Please repeat, exactly as they stand, the line containing "Hi, in this" and the lines after it through the final line of the listing below, minus pictures.

+++ Supplied information

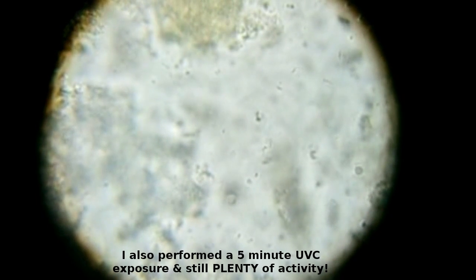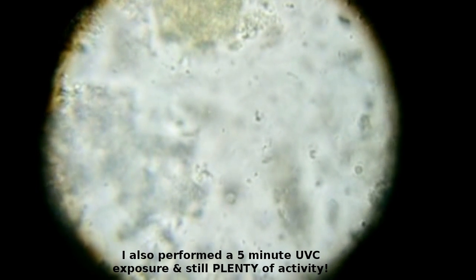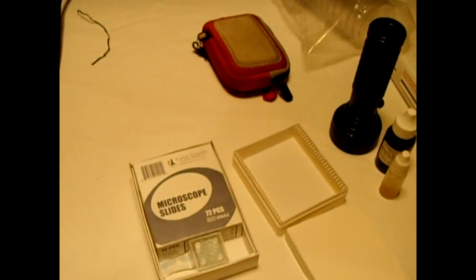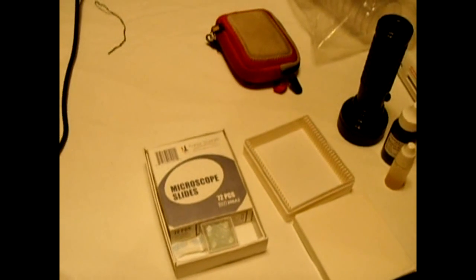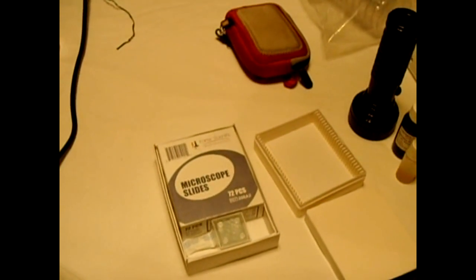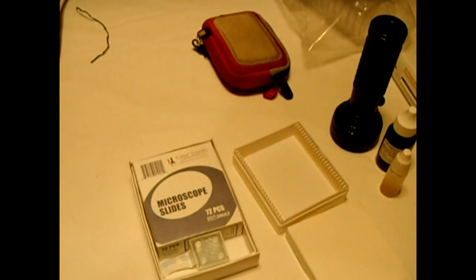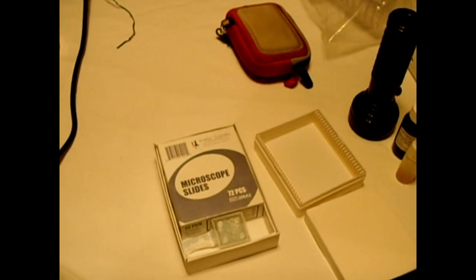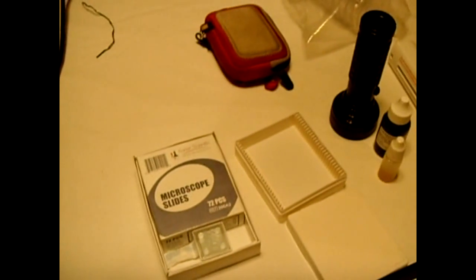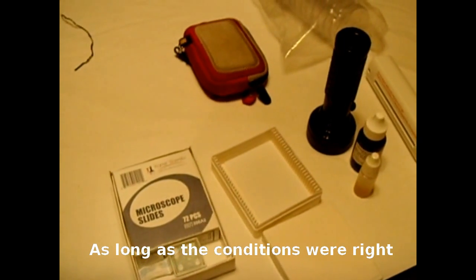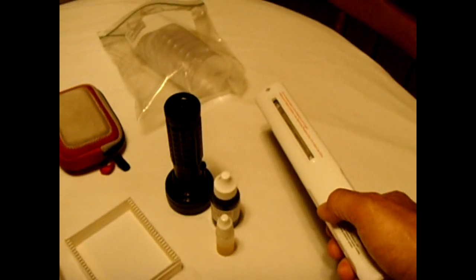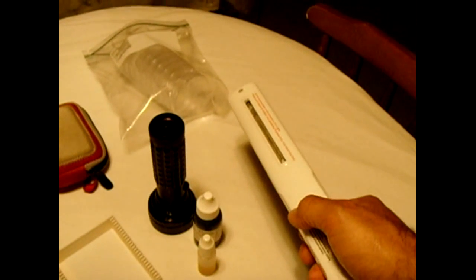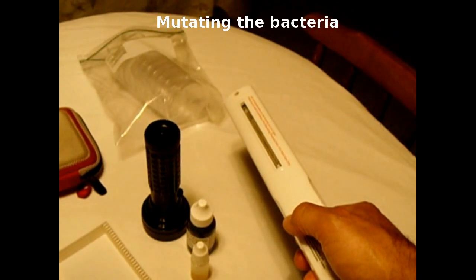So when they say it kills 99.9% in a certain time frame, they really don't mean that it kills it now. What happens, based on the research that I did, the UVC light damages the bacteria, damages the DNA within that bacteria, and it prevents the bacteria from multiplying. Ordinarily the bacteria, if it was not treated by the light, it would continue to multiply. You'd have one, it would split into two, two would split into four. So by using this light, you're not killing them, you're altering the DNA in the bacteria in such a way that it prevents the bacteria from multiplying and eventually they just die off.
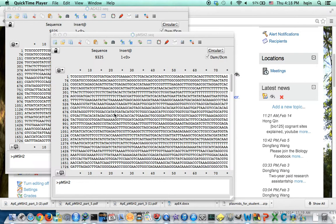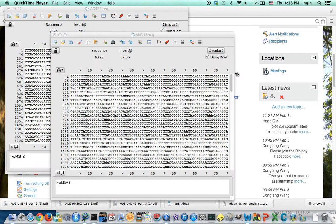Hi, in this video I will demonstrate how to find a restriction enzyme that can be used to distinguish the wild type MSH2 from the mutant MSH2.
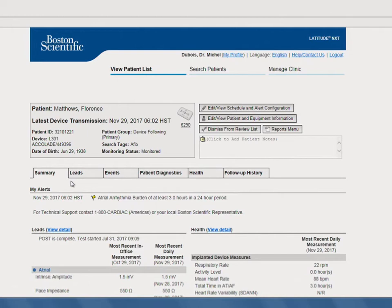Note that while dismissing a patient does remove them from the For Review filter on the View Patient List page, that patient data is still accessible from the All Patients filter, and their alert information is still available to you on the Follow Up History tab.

++++++

Result for this exercise:
Hi, in this video I will demonstrate how to find a restriction enzyme that can be used to distinguish the wild type MSH2 from the mutant MSH2.
Note that while dismissing a patient does remove them from the For Review filter on the View Patient List page, that patient data is still accessible from the All Patients filter, and their alert information is still available to you on the Follow Up History tab.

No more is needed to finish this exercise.